Anna Julia Cooper: The pioneer in black women’s education

In history, people have always known who Susan B. Anthony and Elizabeth Cady Stanton were, but there has rarely been a conversation about Anna J. Cooper. All three were fundamental feminists of their time, but only one is an unfamiliar historical figure. Anna Julia Cooper, a college educated black women, was a fierce activist for equal education, a feminist, and ultimately a devout educator for the disenfranchised.

Born in 1858, she and her mother were enslaved to her biological father, George Washington Haywood. As a child, she debated with her parishioners as to why boys would be the only ones taught, setting a political consciousness in motion. This began her long journey to fighting gender roles.

After the Civil war, she completed her high school education through Saint Augustine’s Normal School and Collegiate Institute, which was a school for freed slaves. Subsequently after attending, Cooper married George C. Cooper and had to leave her teaching career because of social views on married teachers.

After her husband died, her grief had transformed into determination and set out to obtain her college degree in Oberlin and Columbia University. Majoring in Math, she was equipped with a full ride which later helped earn her a Master’s and a doctorate at the University of Paris. It was suggested that she wanted to follow the “gentlemen’s course,” rather than taking the traditional women’s course.
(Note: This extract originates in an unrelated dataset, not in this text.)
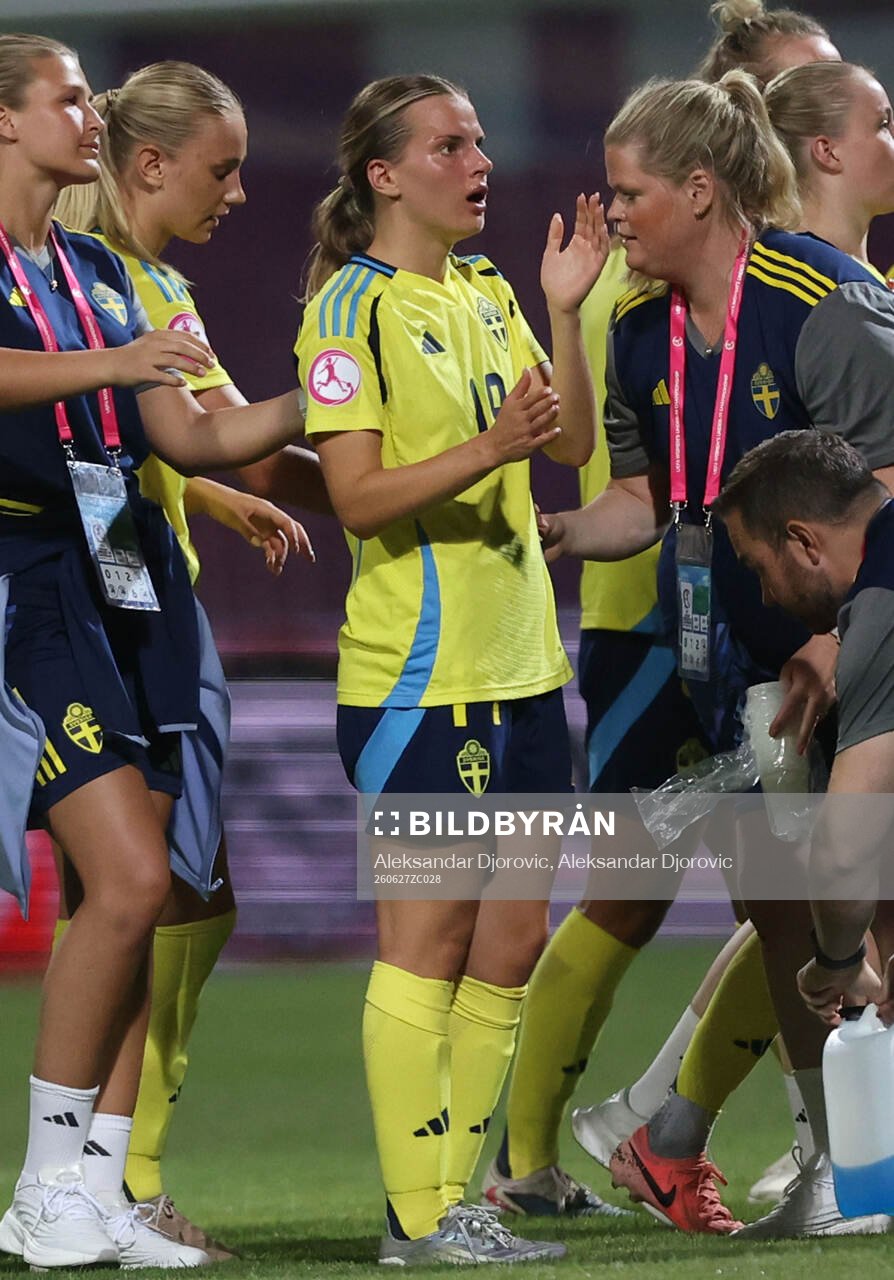 Agnes Ekberg of Sweden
It was in college where her passion for teaching was ignited. Cooper was adamant in educating black women, believing it was the ultimate stepping to racial equality and gender equality and thought black women were the “key to equality.”

“It is not the intelligent woman v. the ignorant woman; nor the white woman v. the black, the brown, and the red, it is not even the cause of woman v. man. Nay, tis woman’s strongest vindication for speaking that the world needs to hear her voice.” Said Cooper.

Anna J. Cooper co-founded the Colored women’s league; she had started the YWCA chapter for black women, paving the path for future black innovators; she was one of the few black women who was a part of the World’s Congress of Representative women.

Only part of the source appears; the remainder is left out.